+++ Data for review +++

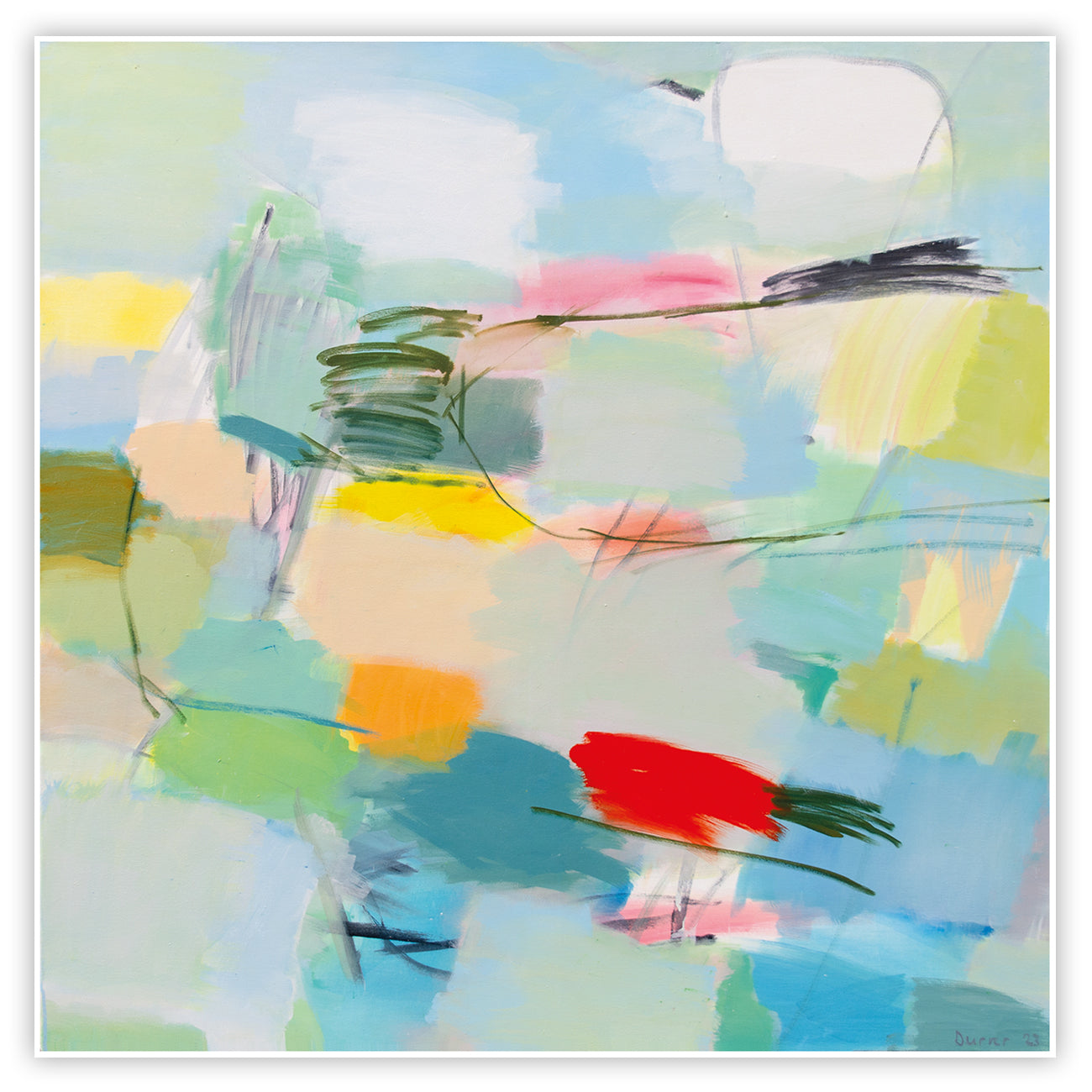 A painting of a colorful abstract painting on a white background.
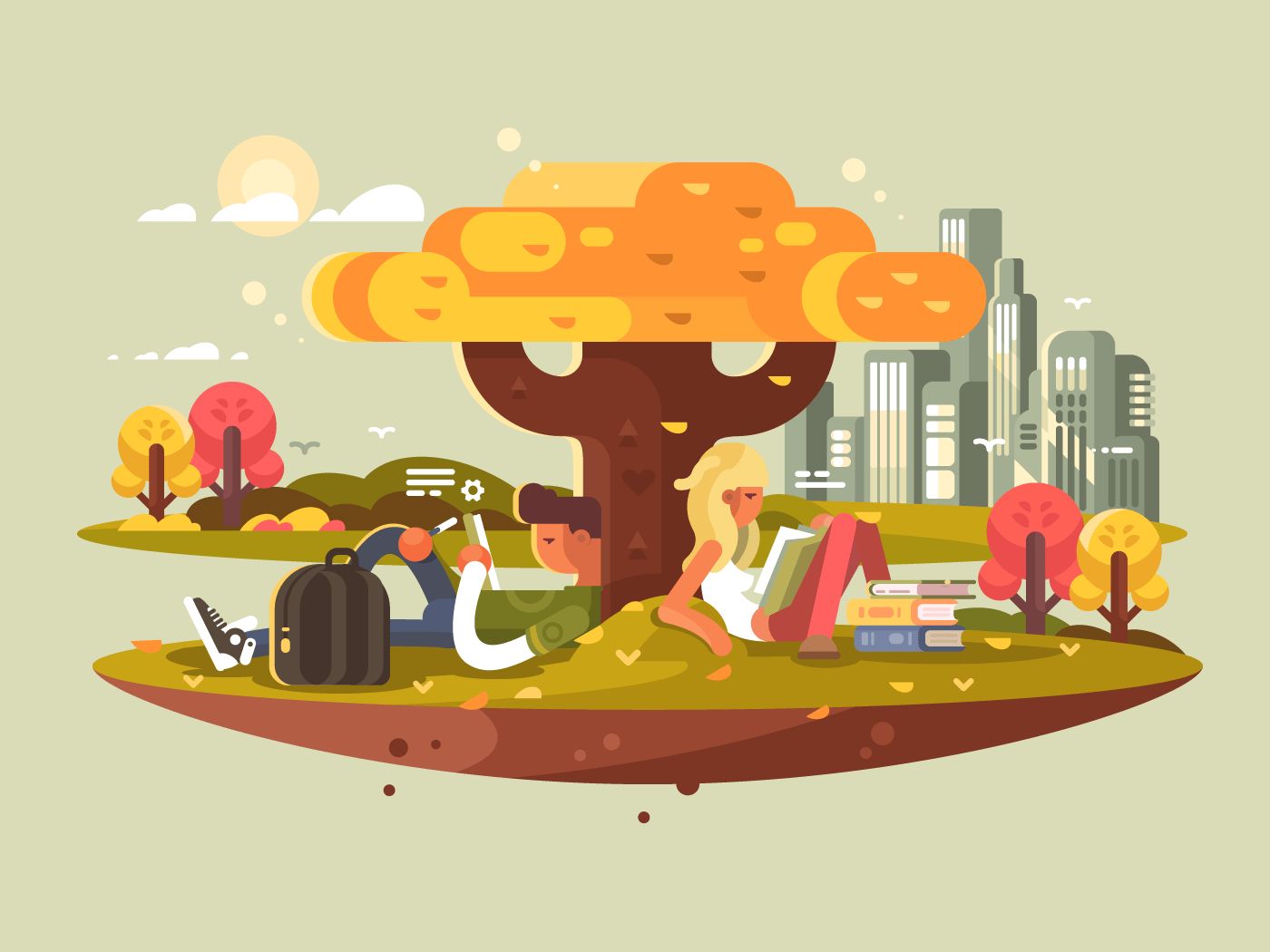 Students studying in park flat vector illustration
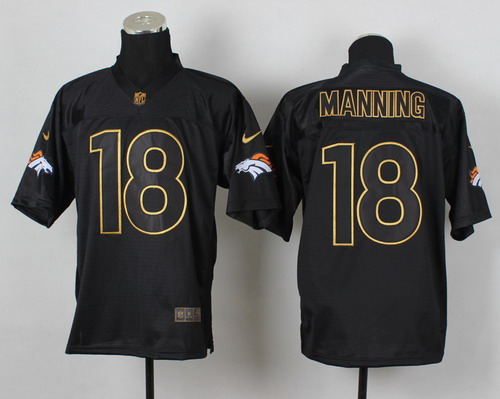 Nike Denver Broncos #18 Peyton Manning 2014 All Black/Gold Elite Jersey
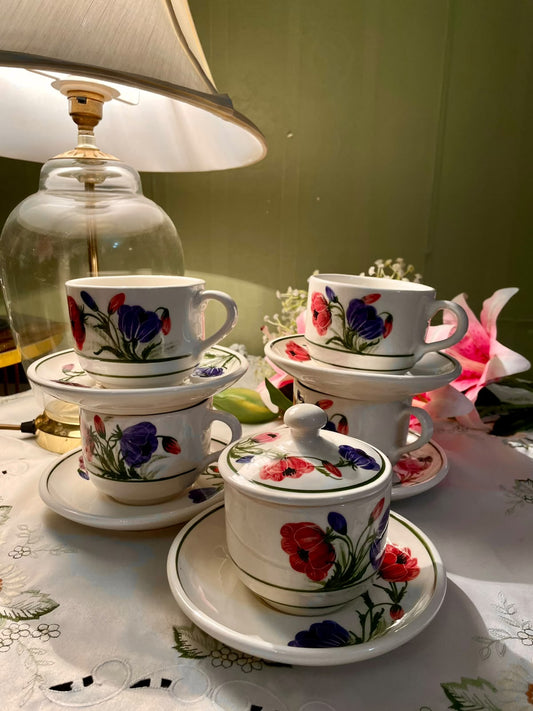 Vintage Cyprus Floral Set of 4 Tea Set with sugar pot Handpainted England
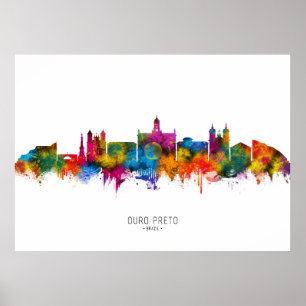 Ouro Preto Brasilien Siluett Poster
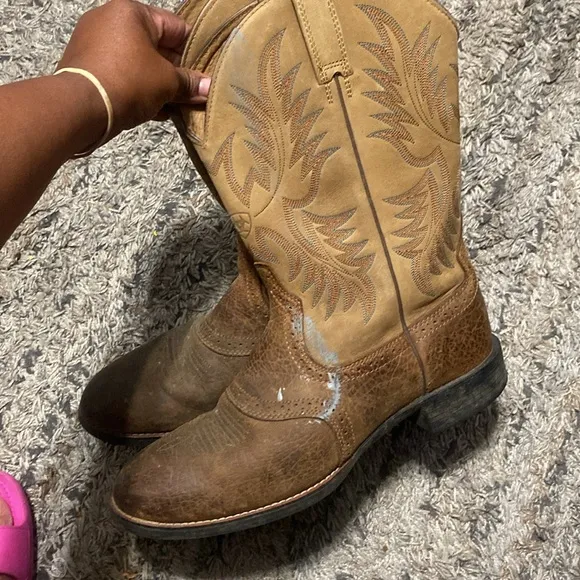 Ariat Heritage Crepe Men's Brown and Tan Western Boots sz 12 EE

+++

• [Instructions for the task] Starting at the line that contains "Students studying in", reproduce each line exactly through the end of the entries above, leaving every picture out.

• [Final answer]
 Students studying in park flat vector illustration
 Nike Denver Broncos #18 Peyton Manning 2014 All Black/Gold Elite Jersey
 Vintage Cyprus Floral Set of 4 Tea Set with sugar pot Handpainted England
 Ouro Preto Brasilien Siluett Poster
 Ariat Heritage Crepe Men's Brown and Tan Western Boots sz 12 EE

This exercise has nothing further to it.